Simulator are not stimulators!
By John G. Denham

After a career at sea and a period of piloting I tried a tour in academia. I was surprised to find that maritime academies, along with other educational institutions were using classrooms furnished with middle school furnishings and tools. Are we teaching kids or future professionals I thought? Mostly the furnishings are still in use. If you treat students like kids, they will act like kids. Therefore, tools and the environment are important.

Involved in continuing education, simulators attracted me. At Marine Safety International, then the fore runner in maritime simulation the concept of simulation (make believe with electronics) was interesting, but unreal. Nature can not be simulated. For the next 10 years I visited simulators in Kings Point, New London, Piney Point, Toledo and San Diego. Each facility emulated the other and the concept of instruction was the same and teaching was partially effective. A critiques of students indicated, it’s great, but not the same.

Why doesn’t simulation prepare one for the real experience?

Looking at the COSCO BUSAN pilot house I could not recall any simulator with a similar physical arrangement. A collection of students will have a collection of pilot house arrangements in mind and therefore make believe is initiated. The installed bridge equipment in most cases is unfamiliar and therefore another make believe is instigated etc.

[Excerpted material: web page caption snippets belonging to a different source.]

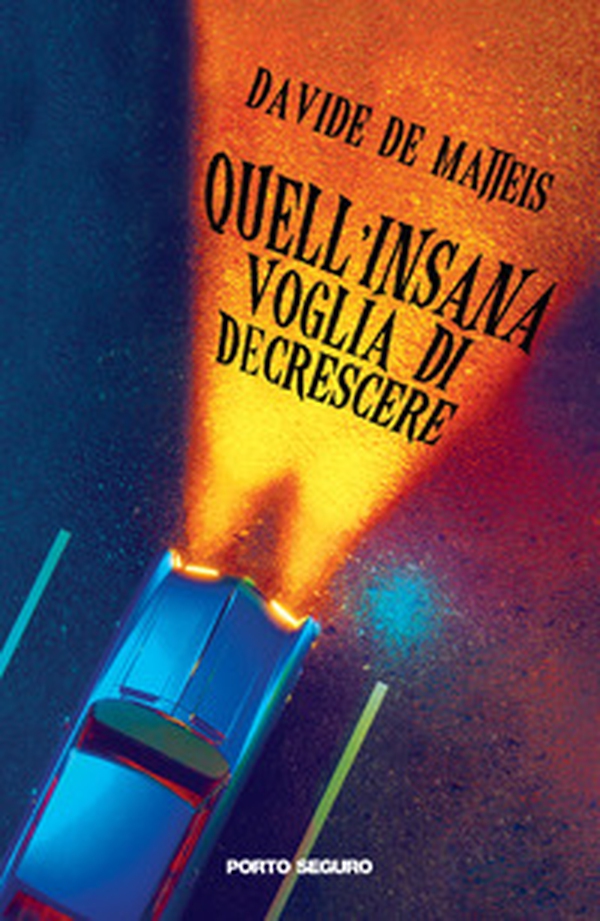 Quell'insana voglia di decrescere - Librerie.coop Quell'insana voglia di decrescere - Librerie.coop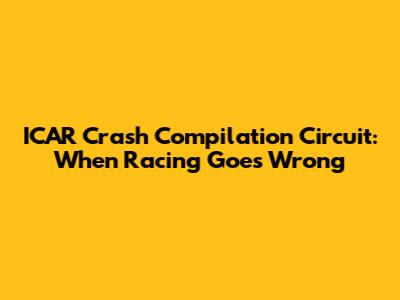 ICAR Crash Compilation Circuit: When Racing Goes Wrong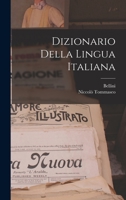 Dizionario Della Lingua Italiana 1015879616 Book Cover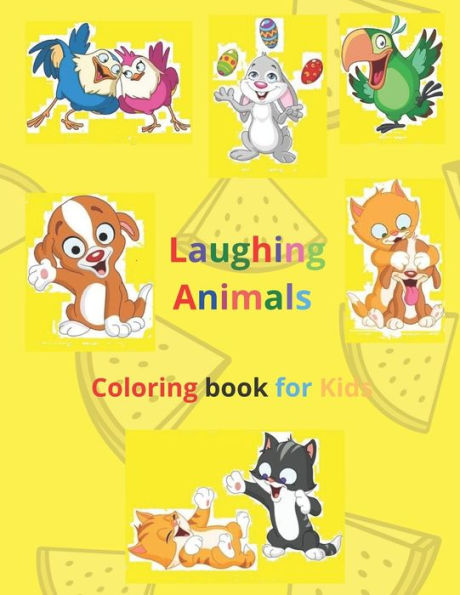 Laughing Animals Coloring Book for kids: Too many animals and laughing birds will make your son happy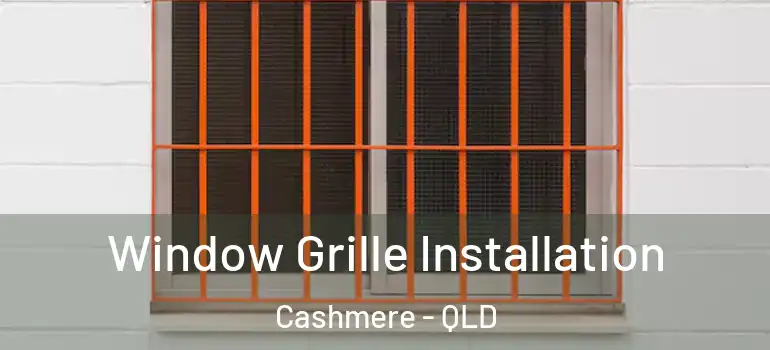  Window Grille Installation Cashmere - QLD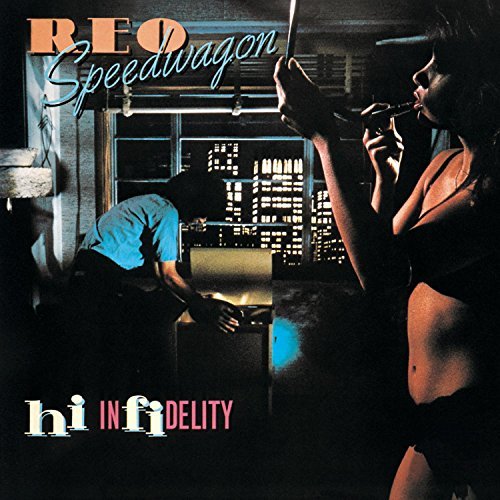 Reo Speedwagon/Hi Infidelity@Remastered
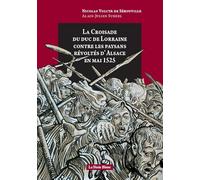 La croisade du duc de Lorraine contre les paysans révoltés d'Alsace, 1525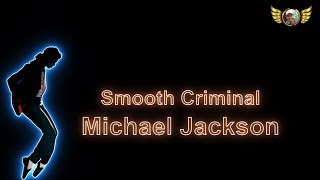 Michael Jackson. Smooth Criminal. [lyrics]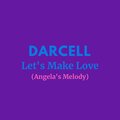Darcell - Let's **** ****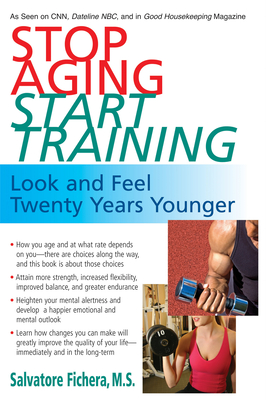 Stop Aging, Start Training: Look and Feel Twenty Years Younger - Fichera, Salvatore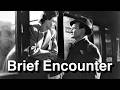 Brief Encounter 1945 Celia Johnson, Trevor Howard, Stanley Holloway, Joyce Carey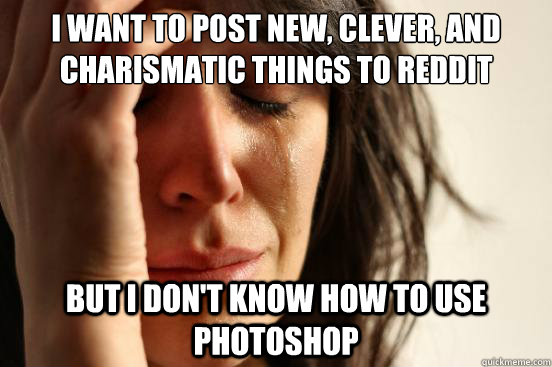 I want to post new, clever, and charismatic things to reddit  but I don't know how to use photoshop  First World Problems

Simulation serves excellent purposes when used to rehearse procedures or test theories, things that are not well known, and specially ship characteristics, tactical diameters in specific conditions and human responses to critical situations. Acceleration and deceleration rates/times are not reliable due to the possible human response factor. I found that using simulation to display a critical maneuver as an illustration is excellent. A competent instructor can interject critical information as it occurs (or in advance) and implant a learning experience without the confusion of interpretation. Most want to be as good as the best. An example that I used: “I am about to show you a simulation of how old Charley Brown approaches the turn and rounds the bend at PotreroTurn to Richmond Inner Harbor.” Shown once, or more as needed with some comments on key points, delivered the lesson.

While engaged with a computer driven problem one is constantly shifting from real experience and computer generated displayed data.

For $1,000,000 American President Lines instituted a three day work shop for all ship masters and promising chief mates and invited USCG, educators and lawyers to attend. The attendees (Captains, mates, visitors and consultants) were divided into small groups and each was given a real accident problem to resolve (prevent and analyze). Some simulation was provided by video tape of simulated scenes of the situation. Realism was stimulated because it was factual.

The final critiques of each workshop indicated an awareness that the master and pilot/ watch officer relationship was essential for safety in critical situations and that masters or persons in charge should act responsibly. Simulation training as presently practiced fails in this most important facet of ship operations management; implant thinking as a process and experience by example.

John Denham is a retired USN Captain, Licensed unlimited Master and Pilot, maritime academy teacher,and author with extensive experience as a marine consultant. He is also author of The Assistant and DD 891.